É animadora a possibilidade de um mundo em que não se vai delegar mais nada a ninguém
Me anima a possibilidade de um mundo em que não se vai delegar mais nada a ninguém. A sociedade em rede vai viabilizar isto: cada um responde por si, sem se esconder atrás de hierarquias corporativas ou representações legais
Caro Paulo,
Não sei se você vai lembrar, mas logo nas primeiras vezes em que a gente sentou para trocar ideias sobre empresa e trabalho você me acusou, surpreso: “Cara! Você é um militante 24 horas!”. Eu achei estranho e ri muito porque eu nunca tinha me visto como militante na empresa e porque você me acusava de algo que você também era! Foi aí que viramos irmãos de estrada e que nasceu esta amizade que tanto prezo.
Se neoativismo existe, é isso o que a gente tentou fazer a vida inteira. É procurar fazer de qualquer decisão no trabalho, nos negócios ou na vida privada uma manifestação daquilo em que se acredita. Porque a delegação dessa tarefa para os ativistas de plantão e os idealistas profissionais gera os políticos e as igrejas que nadam de braçada nas águas da manipulação e da corrupção.
Aliás, estou cada vez mais animado com a possibilidade de um mundo em que não se vai delegar mais nada para ninguém. A sociedade em rede vai viabilizar isto: cada um responde por si, tipo “Love them all, trust no one”. Existem coisas que sempre foram indelegáveis, não importa se você é o primeiro da lista da Forbes ou apenas o oitavo, se você é o goleiro Bruno ou Neymar, se é o chef Alex Atala ou a nossa copeira Solange.

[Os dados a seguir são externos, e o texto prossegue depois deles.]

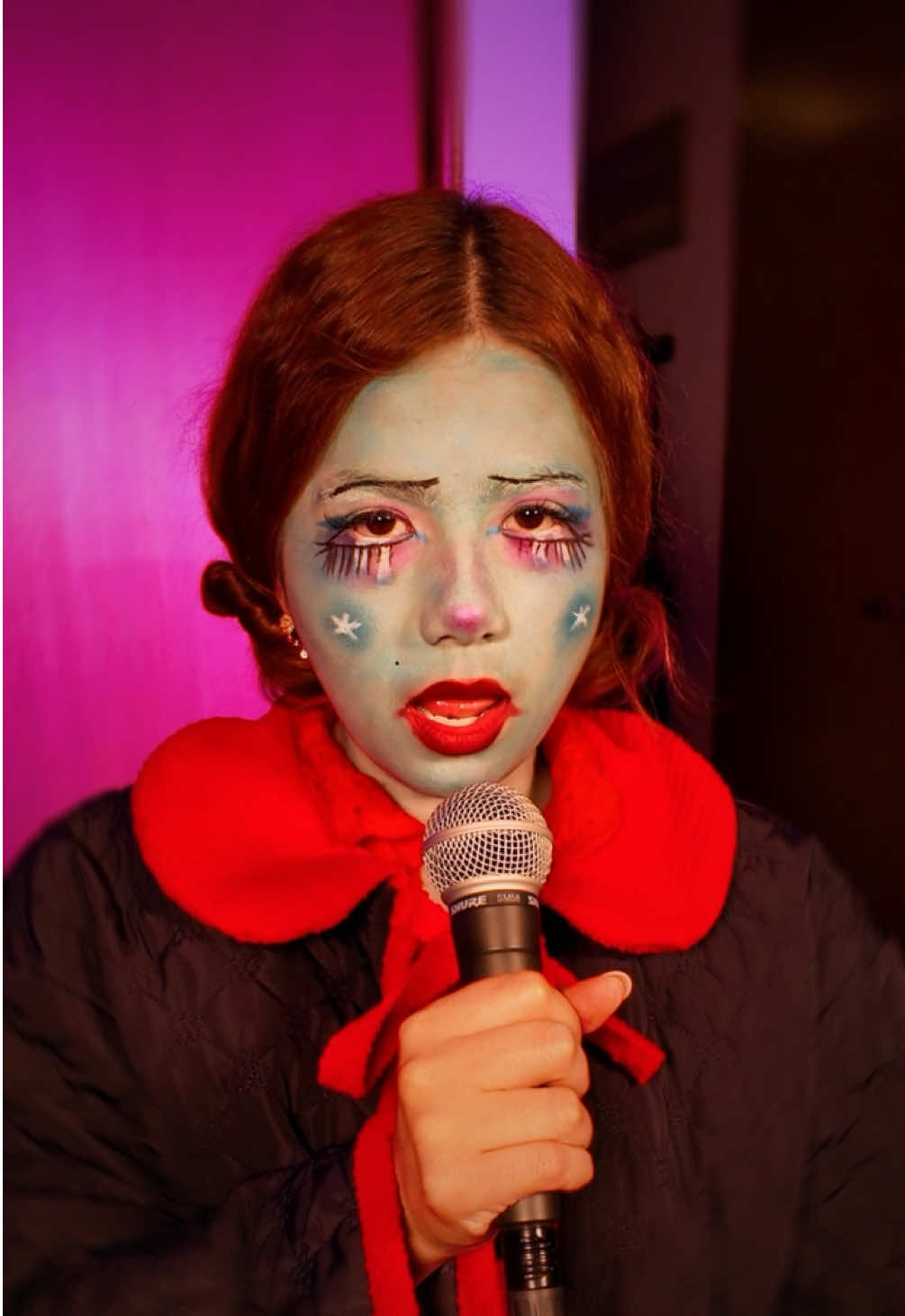 Transformé esta canción de terror, a una más feliz 🥺💖 #musica #cantante #terror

Comer, mijar, transar, dormir, surfar, ir ao dentista, envelhecer, morrer... são atividades indelegáveis. É o mundo natural que impõe uma humildade para entender a vida como ela é e agir de acordo com ela sob o risco de adoecer e entrar em sofrimento. Atividades também indelegáveis, embora evitáveis! Isto é, ou você fica esperto e íntimo da dinâmica da vida ou dança. Não dá para se defender se escondendo atrás de hierarquias corporativas nem representações legais, poderes instituídos ou advogados de muito talento e pouco caráter.
PEIXES DE OCEANO
Na sociedade em rede vamos viver como vivem peixes no oceano. Para deixar isso claro, vou contar uma história deliciosa que ouvi semana passada de um de nossos consultores, o Edú Hiroshi. Você sabe que o peixe cru é muito importante na culinária japonesa e, por isso, ele tem que ser fresco. O problema é que nos últimos tempos não havia mais peixes perto da costa. Então a pesca tinha que ser feita em alto-mar e a mercadoria era congelada durante a viagem de volta. Não deu certo: os peixes perdiam sabor, textura e foram recusados pelo mercado. Resolveram então colocar um grande tanque de água no barco para trazer os peixes vivos até a terra. Também não funcionou. Apesar de frescos, os peixes não tinham o mesmo sabor nem a mesma textura. A solução foi colocar um tubarão dentro do tanque para reproduzir as condições naturais da vida no oceano. Deu certo! O tubarão comeria alguns peixes, mas os restantes chegariam frescos e saborosos, com alto valor de mercado. Moral: a vida no aquário, em que se delega para alguém jogar a comidinha na hora certa, trocar a água, pôr oxigênio quando necessário e deixar as ameças do lado de fora, gera peixes sem sabor e sem valor. Peixe de oceano não delega e vai à luta. Peixe de aquário delega; principalmente a culpa pela humanidade não caminhar como ele acha que devia.
Para mim, neoativismo é esse ativismo pequeno e individual, que fica grande porque muita gente pensa e age assim e, por isso, de repente, o mundo muda. Neoativismo é saber que o tubarão não é vilão e que não existe mocinho que vai dar a vida por você. Se cada um fizer por si, com ciência e consciência, fica bom para todo mundo. Não é?
Meu abraço,
Ricardo
P.S. Como combinado, estou te avisando: o meu neto Tonico, filho da Shubi e do Renato, nasceu! E vai ser peixe de oceano. Estamos todos felizes.